В действительности, Келпи безумно редкая и дорогая собака. Выведены они не так давно. Первые упоминания о них относятся к концу XIX века. В частности, говорится что впервые в истории Австралии состязания овчарок, которые происходили в 1872 году, выиграл некий Королевский Келпи. Его родители известны, но остальных предков проследить уже не удается.
Перечислю всего несколько особенностей этой породы:
— Самки приносят потомство не чаще одного раза в четыре года. Обычно это всего 2–3 щенка.
— У этой породы наибольший вес мозга, по сравнению с другими собаками.
— Они обладают гипнотическими способностями (гипнотизируют своих противников!!)

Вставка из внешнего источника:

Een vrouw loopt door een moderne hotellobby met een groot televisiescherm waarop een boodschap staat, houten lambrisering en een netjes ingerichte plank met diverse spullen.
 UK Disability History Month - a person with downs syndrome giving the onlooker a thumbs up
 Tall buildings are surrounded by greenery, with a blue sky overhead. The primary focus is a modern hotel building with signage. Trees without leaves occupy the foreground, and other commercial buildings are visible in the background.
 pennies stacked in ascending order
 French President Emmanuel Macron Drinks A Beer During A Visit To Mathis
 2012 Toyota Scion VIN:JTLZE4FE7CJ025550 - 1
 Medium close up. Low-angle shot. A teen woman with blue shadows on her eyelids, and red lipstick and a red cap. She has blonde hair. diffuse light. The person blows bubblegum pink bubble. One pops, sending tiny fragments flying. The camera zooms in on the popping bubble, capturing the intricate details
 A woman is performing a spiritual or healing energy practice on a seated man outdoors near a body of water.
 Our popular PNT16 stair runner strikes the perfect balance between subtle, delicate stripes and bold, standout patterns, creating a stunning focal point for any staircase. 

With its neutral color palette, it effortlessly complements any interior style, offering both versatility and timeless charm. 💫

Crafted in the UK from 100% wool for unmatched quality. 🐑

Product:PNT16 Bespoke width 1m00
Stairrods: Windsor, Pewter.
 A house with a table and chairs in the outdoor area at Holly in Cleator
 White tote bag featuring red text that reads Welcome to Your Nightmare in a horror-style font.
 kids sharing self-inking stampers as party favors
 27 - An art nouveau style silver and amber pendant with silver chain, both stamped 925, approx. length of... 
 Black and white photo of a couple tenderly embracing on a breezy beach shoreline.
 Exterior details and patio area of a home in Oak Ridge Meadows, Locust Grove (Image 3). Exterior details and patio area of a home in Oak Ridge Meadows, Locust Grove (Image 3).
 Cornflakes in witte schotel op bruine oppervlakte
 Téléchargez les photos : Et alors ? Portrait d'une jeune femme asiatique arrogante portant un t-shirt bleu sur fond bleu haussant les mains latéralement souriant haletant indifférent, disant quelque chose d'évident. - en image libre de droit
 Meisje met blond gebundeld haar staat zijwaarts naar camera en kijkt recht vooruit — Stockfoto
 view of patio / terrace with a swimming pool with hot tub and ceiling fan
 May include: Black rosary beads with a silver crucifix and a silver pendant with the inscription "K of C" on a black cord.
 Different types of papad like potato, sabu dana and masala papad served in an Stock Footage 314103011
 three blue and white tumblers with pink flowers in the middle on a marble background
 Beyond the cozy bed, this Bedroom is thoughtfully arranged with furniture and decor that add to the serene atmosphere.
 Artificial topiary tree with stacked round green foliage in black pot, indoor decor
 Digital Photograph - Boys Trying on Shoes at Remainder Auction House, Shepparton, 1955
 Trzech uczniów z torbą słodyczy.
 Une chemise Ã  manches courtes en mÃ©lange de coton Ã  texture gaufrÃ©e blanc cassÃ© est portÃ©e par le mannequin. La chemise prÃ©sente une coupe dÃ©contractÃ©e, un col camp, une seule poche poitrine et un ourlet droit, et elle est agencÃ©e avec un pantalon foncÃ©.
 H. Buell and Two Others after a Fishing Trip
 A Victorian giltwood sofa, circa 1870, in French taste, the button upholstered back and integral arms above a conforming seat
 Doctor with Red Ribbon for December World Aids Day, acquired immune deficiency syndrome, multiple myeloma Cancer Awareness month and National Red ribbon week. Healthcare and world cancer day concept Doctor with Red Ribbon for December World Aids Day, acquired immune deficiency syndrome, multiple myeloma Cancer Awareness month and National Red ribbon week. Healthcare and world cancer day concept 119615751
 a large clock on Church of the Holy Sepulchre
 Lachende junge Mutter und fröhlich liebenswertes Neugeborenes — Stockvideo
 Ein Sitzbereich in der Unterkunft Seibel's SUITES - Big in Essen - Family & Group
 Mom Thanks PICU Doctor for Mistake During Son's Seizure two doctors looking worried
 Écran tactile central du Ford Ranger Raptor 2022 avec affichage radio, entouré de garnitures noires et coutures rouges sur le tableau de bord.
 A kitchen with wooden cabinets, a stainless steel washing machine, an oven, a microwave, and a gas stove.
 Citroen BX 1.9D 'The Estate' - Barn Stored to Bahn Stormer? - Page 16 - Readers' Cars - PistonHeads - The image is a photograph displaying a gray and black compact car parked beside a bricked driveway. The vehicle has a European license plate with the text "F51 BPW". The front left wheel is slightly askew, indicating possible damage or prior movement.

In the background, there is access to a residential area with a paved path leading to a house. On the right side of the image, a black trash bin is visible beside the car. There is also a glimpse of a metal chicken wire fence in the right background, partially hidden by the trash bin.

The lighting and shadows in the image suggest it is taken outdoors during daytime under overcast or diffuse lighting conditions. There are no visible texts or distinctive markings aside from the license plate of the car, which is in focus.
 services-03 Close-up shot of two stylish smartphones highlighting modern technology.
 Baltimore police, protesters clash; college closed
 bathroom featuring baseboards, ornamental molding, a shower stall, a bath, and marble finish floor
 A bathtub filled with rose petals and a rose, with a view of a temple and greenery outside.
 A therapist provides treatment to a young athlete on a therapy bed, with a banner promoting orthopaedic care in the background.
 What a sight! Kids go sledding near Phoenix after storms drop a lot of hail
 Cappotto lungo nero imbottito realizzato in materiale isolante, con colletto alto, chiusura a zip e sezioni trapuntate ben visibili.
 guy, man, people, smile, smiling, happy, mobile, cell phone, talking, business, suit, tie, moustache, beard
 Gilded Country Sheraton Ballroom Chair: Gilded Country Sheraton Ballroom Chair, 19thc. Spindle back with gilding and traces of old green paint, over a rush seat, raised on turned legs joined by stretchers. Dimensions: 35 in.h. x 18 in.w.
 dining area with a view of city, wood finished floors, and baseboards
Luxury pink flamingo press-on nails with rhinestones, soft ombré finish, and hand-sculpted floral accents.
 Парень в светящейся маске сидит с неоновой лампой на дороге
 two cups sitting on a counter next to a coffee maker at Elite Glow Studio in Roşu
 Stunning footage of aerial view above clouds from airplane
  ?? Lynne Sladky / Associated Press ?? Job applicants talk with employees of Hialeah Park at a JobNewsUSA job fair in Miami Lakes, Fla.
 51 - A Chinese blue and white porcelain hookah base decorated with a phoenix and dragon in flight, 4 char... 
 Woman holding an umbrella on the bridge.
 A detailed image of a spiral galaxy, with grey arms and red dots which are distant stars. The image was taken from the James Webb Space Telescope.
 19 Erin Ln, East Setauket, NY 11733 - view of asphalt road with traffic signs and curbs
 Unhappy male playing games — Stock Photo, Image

— Считается, что Келпи обладают даром предвидеть будущее
— Эти собаки ДЕЙСТВИТЕЛЬНО умеют улыбаться.
Первый щенок Келпи, привезённый в Россию в 2003 году, был куплен на австралийской племенной ферме Enfinvale за 7.000 евро.
Своё название Хилеры получили не от английского healer — целитель, а от heeler — пятка!!! Приблизительно в 1770 году первые представители этой породы ступили с кораблей колонистов на раскалённые пляжи Австралии. С прохладной палубы — в огненный песок!! Несчастные псы, подвывая, заплясали на пятках, судорожно тряся обожжёнными передними лапами.
— Хилеры, хилеры, — загоготали переселенцы. Имя породе было придумано.
На самом же деле Хилер это дичайшая смесь всевозможных пород, завезённых в XVIII веке в Австралию.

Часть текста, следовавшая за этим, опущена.